* [Exercise details]
This exercise calls for the data below to be retyped exactly, minus any images.

(Supplied data begins)

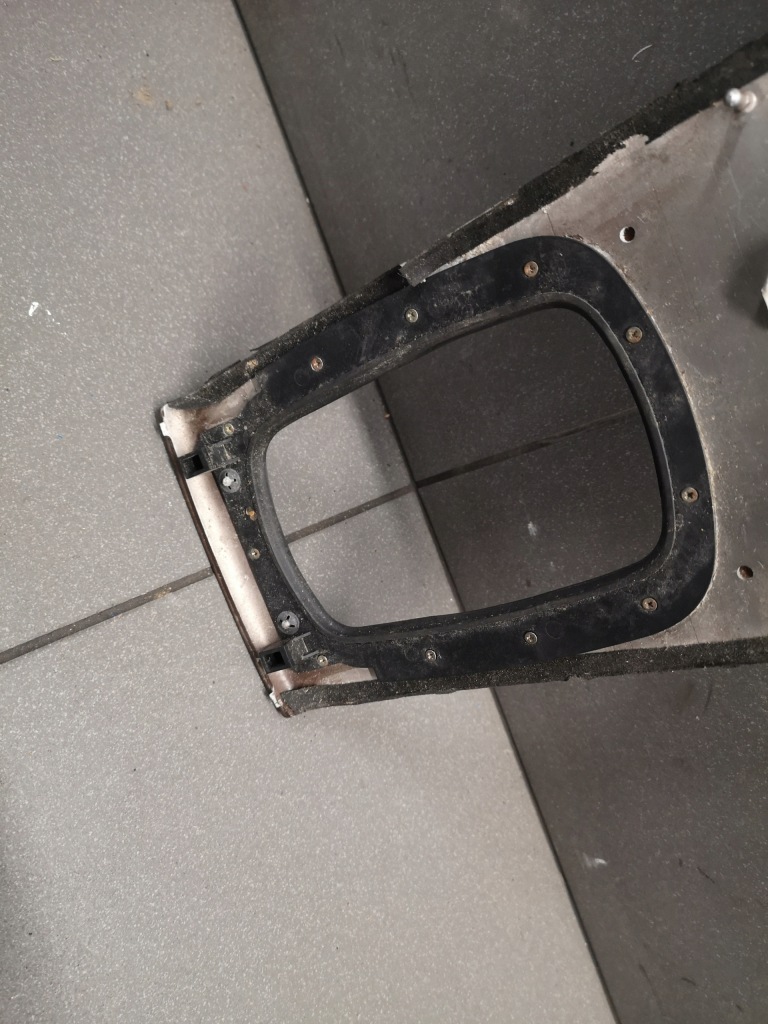 Рамка декоративна drewno audi a6 c5 автоматична коробка передач 4b0864261 Оригінал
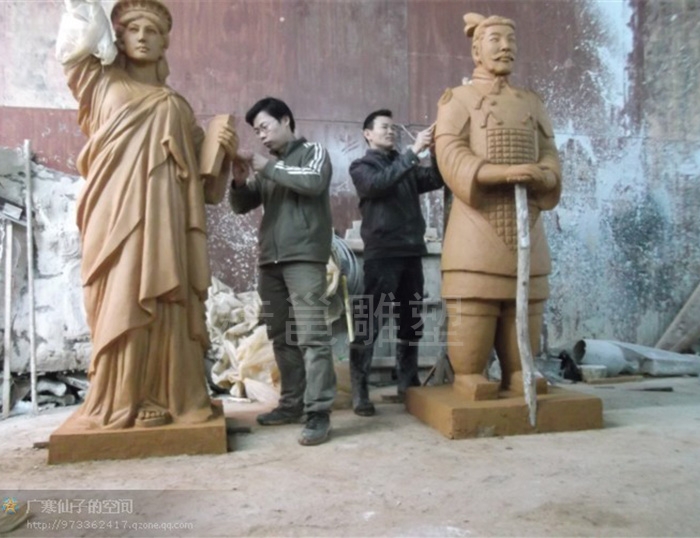 古代士兵雕塑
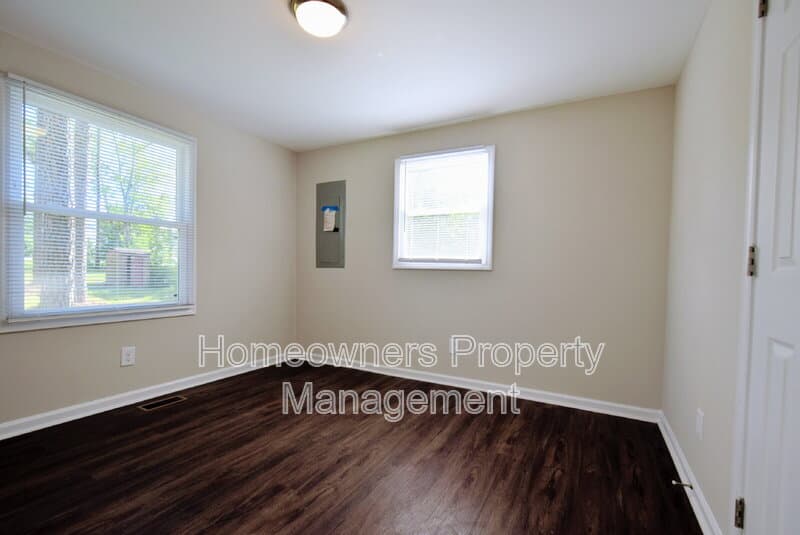 Fayetteville House: 405 Andrews Rd
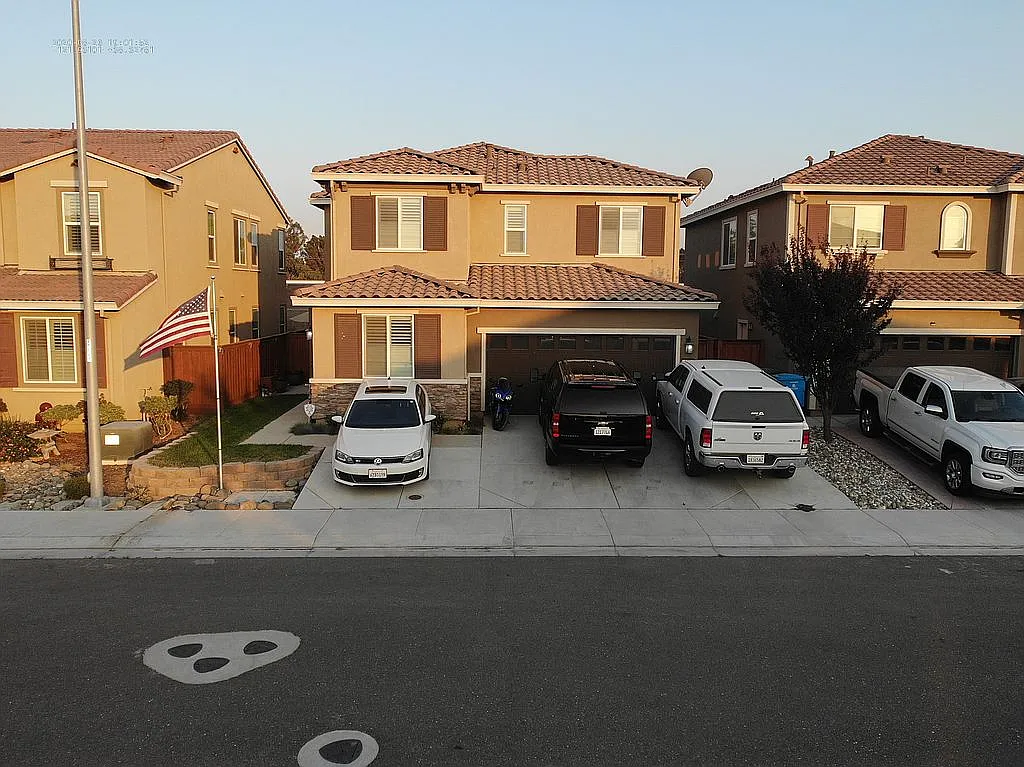 521 Sawyer Dr photo 1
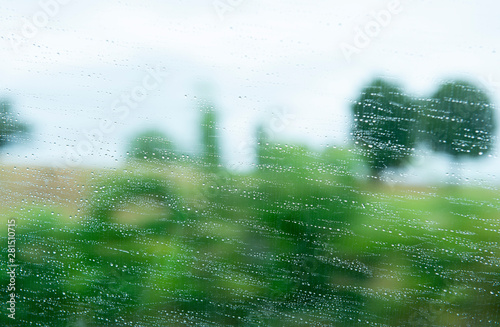 Blick durch eine Autoseitenscheibe an einem regnerischen Tag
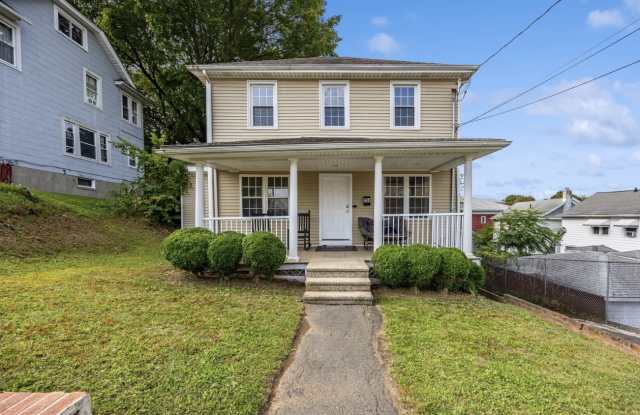 204 Elliott Ave - 204 Elliott Avenue, Waterbury, CT 06705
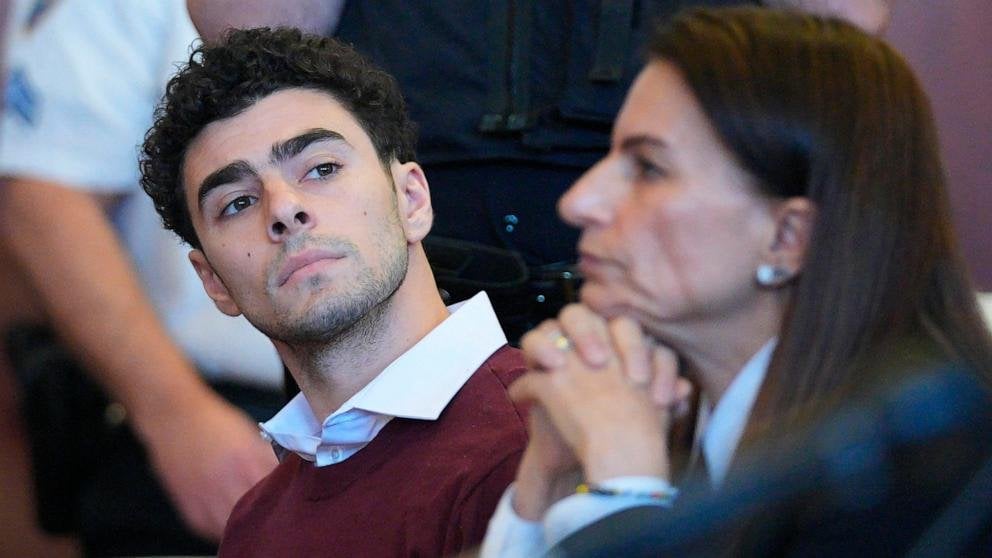 ルイージ・マンジョーネ氏の弁護士、CEO殺害容疑者を「政治ネタ」として利用したとして警察と市長を非難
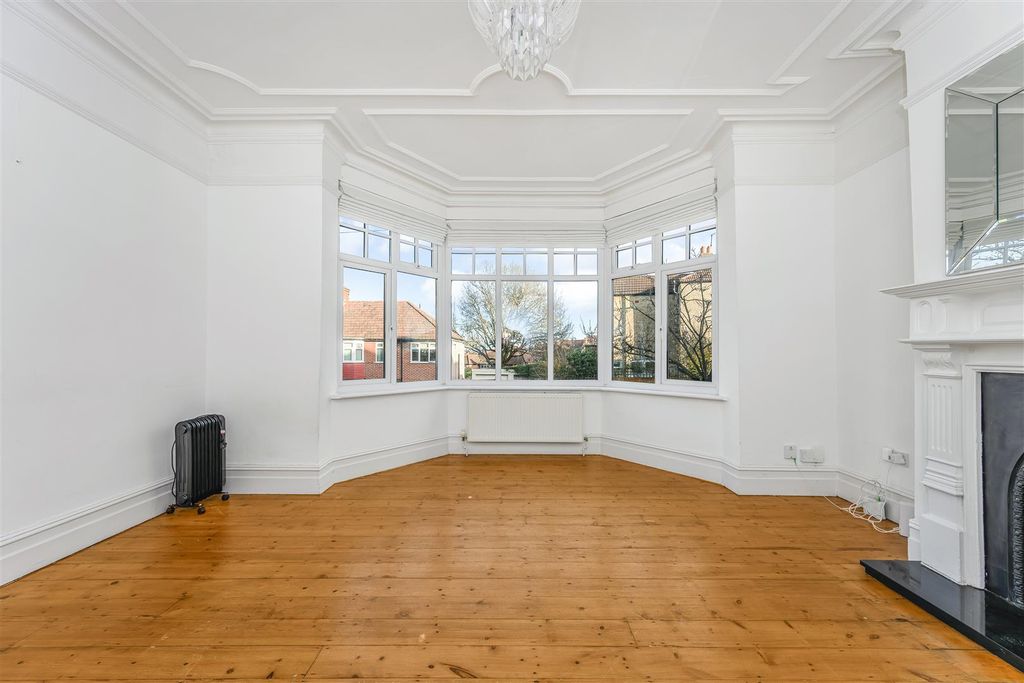 Property photo 2 of 25 12 St Albans Crescent-3.Jpg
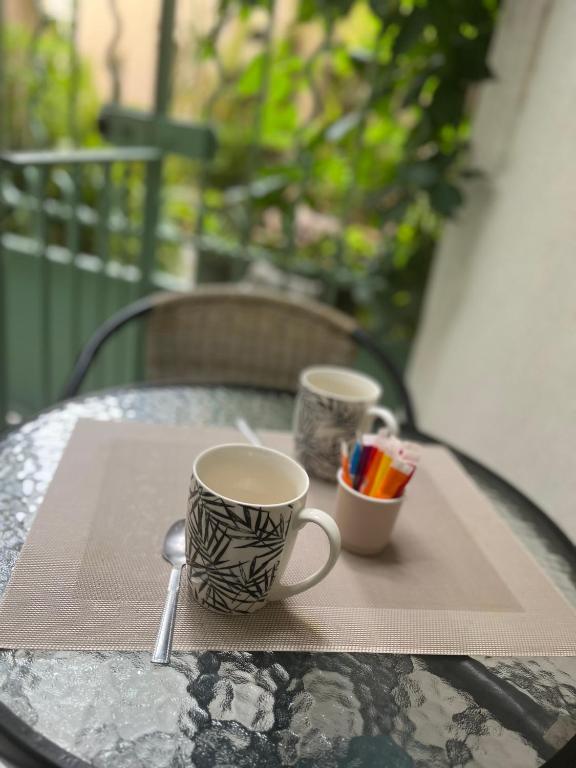 Vieil Antibes, ravissant 2p avec petite terrasse - 5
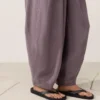 Pantaloni a palloncino in 100% lino Pantaloni a palloncino in 100% lino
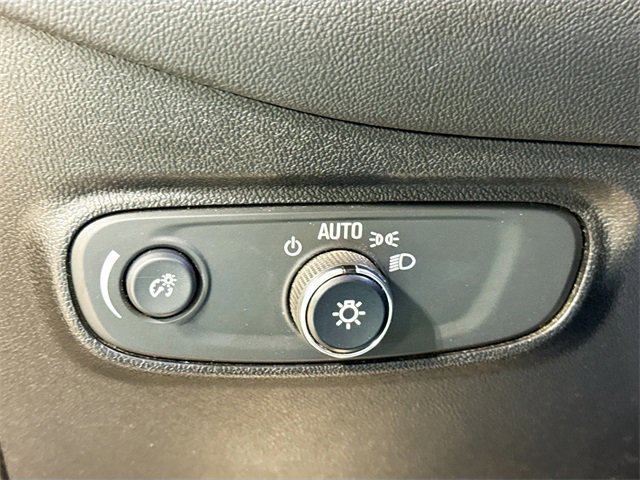 Used 2019 Chevrolet Equinox LT image 11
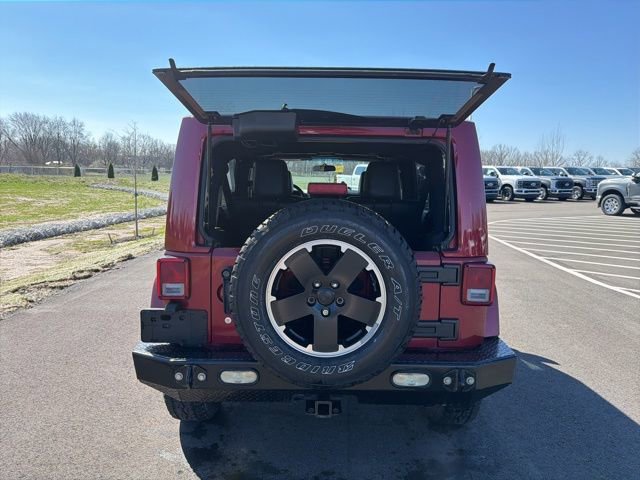 Used 2012 Jeep Wrangler Unlimited Sahara AWD/4WD image 11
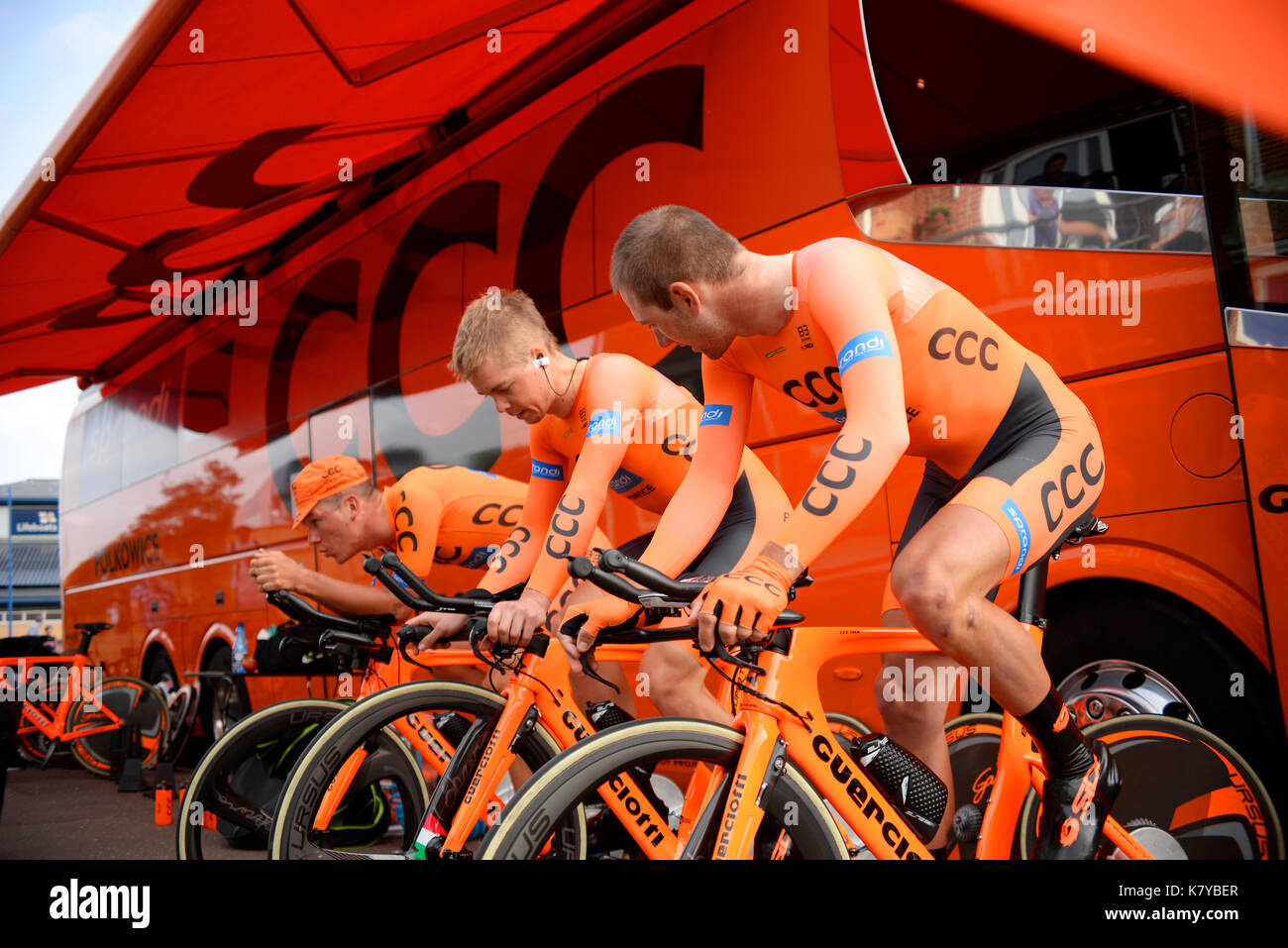 Team CCC Sprandi Polkowice qui se prépare pour la 5e étape de l'OVO Energy Tour of Britain Tendring Time Trial, Clacton, Essex Banque D'Images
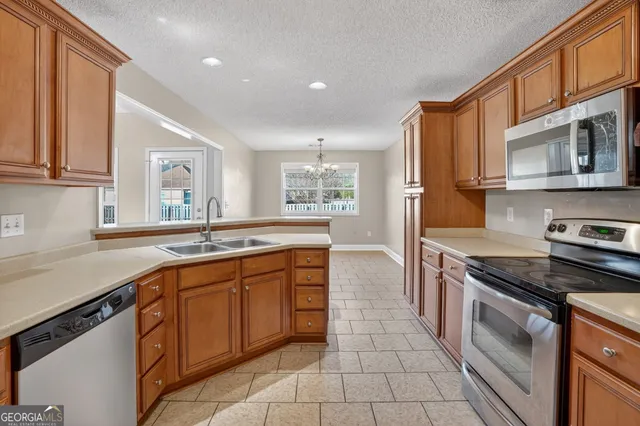 $359,900 | 1022 Thistlewood Drive, Kathleen, GA 31047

(Supplied data ends)

* [Your response]
 Рамка декоративна drewno audi a6 c5 автоматична коробка передач 4b0864261 Оригінал
 古代士兵雕塑
 Fayetteville House: 405 Andrews Rd
 521 Sawyer Dr photo 1
 Blick durch eine Autoseitenscheibe an einem regnerischen Tag
 204 Elliott Ave - 204 Elliott Avenue, Waterbury, CT 06705
 ルイージ・マンジョーネ氏の弁護士、CEO殺害容疑者を「政治ネタ」として利用したとして警察と市長を非難
 Property photo 2 of 25 12 St Albans Crescent-3.Jpg
 Vieil Antibes, ravissant 2p avec petite terrasse - 5
 Pantaloni a palloncino in 100% lino Pantaloni a palloncino in 100% lino
 Used 2019 Chevrolet Equinox LT image 11
 Used 2012 Jeep Wrangler Unlimited Sahara AWD/4WD image 11
 Team CCC Sprandi Polkowice qui se prépare pour la 5e étape de l'OVO Energy Tour of Britain Tendring Time Trial, Clacton, Essex Banque D'Images
 $359,900 | 1022 Thistlewood Drive, Kathleen, GA 31047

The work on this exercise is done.